Thousands of demonstrators have taken to the streets of Tunis for an anti-terror march.
Chanting “Tunisia is free! Terrorism out!” they marched to the Bardo Museum, the scene of an attack in which 21 tourists and a Tunisian died.
French President Francois Hollande and other world leaders attended a ceremony at the museum.
Hours earlier, Tunisian authorities said that they had killed one of the prime suspects in the attack.
Gunmen stormed the museum in Tunis on 18 March. British, Japanese, French, Italian and Colombian tourists were among the dead.
On Sunday, President Hollande announced that Huguette Dupeu, a Frenchwoman injured in the attack, had died from her wounds.
As well as the French leader, Italian Prime Minister Matteo Renzi and other foreign dignitaries attended a ceremony at the museum where a stone tablet was dedicated to the memory of the attack victims.
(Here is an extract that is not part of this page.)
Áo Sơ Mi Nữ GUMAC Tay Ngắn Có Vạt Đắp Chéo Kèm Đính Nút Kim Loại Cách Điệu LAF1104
“We have shown we are a democratic people, Tunisians are moderate, and there is no room for terrorists here,” demonstrator Kamel Saad told Reuters.
Attack suspect killed
Hours before the march, Tunisian authorities claimed to have killed the alleged leader of the attack, Lokman Abu Sakhra.
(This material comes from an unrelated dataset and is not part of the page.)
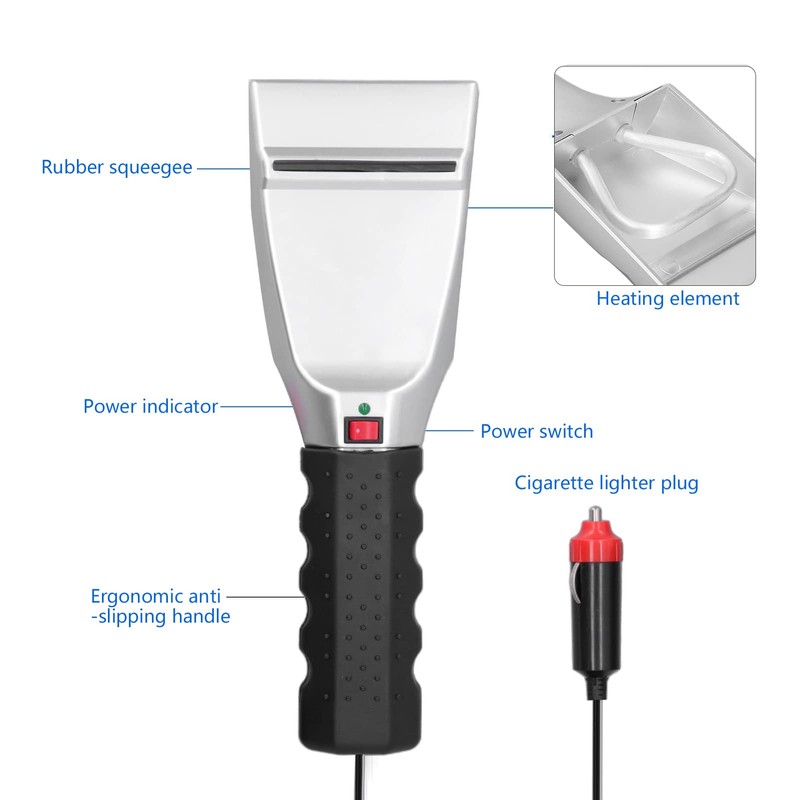 Automatic Heated Snow Shovel, 12V Electric Heated Ice Scraper, Automatic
He was one of nine armed militants killed in a raid on Saturday, the government says.
A spokesman described him as one of Tunisia’s “most dangerous terrorists”.
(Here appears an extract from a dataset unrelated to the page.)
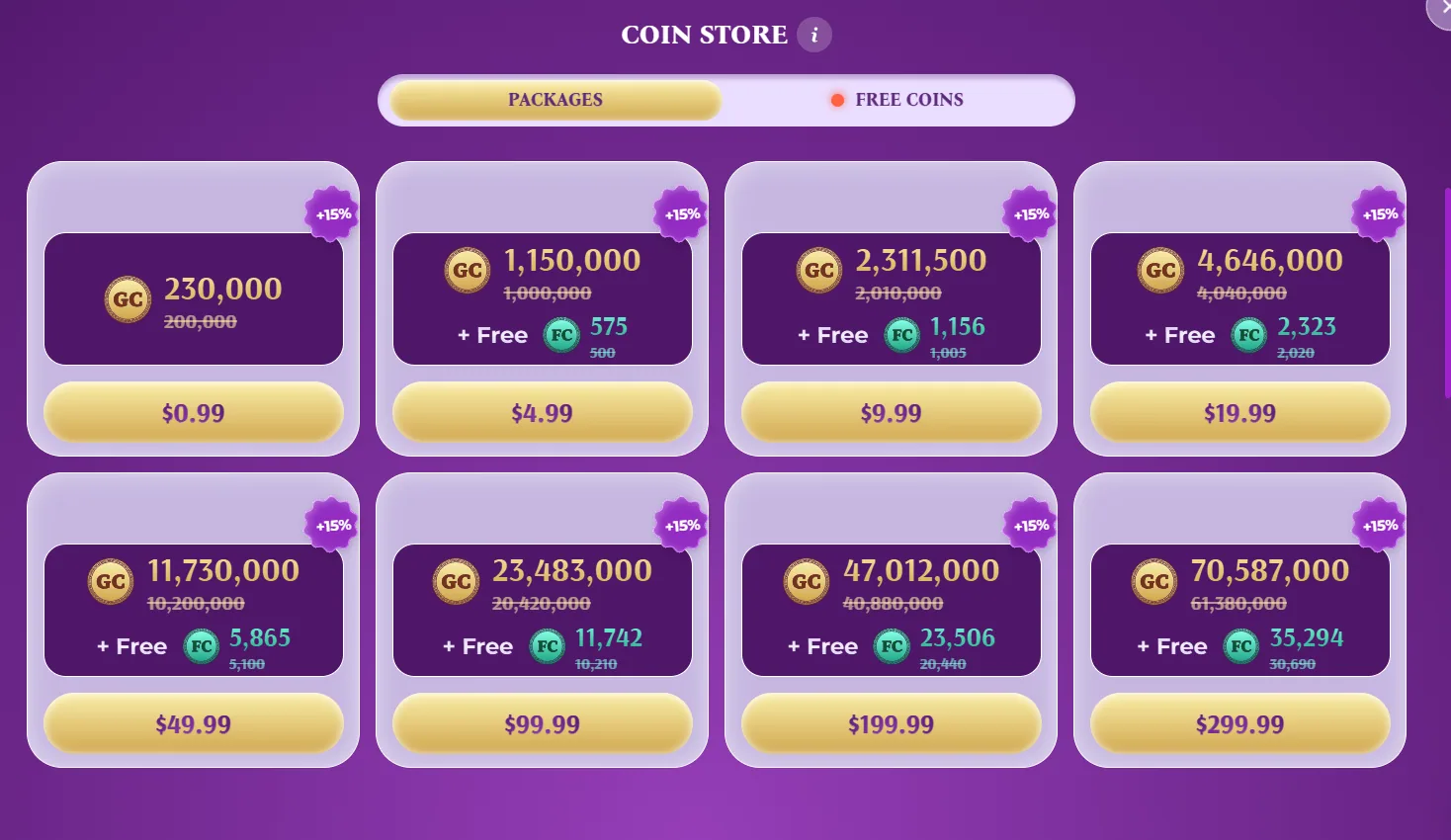 Fortune Wins purchase packages with FC-to-SC conversion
Security officials allege that the militants were members of the Okba Ibn Nafaa Brigade, a jihadist group that has previously claimed deadly attacks against security forces in the country.
A spokesman for the Tunisian prime minister told the BBC that Sakhra, an Algerian citizen, was killed by security forces in the western region of Gafsa.
In the past week, authorities claim to have arrested dozens of people they suspected of links to the museum attack.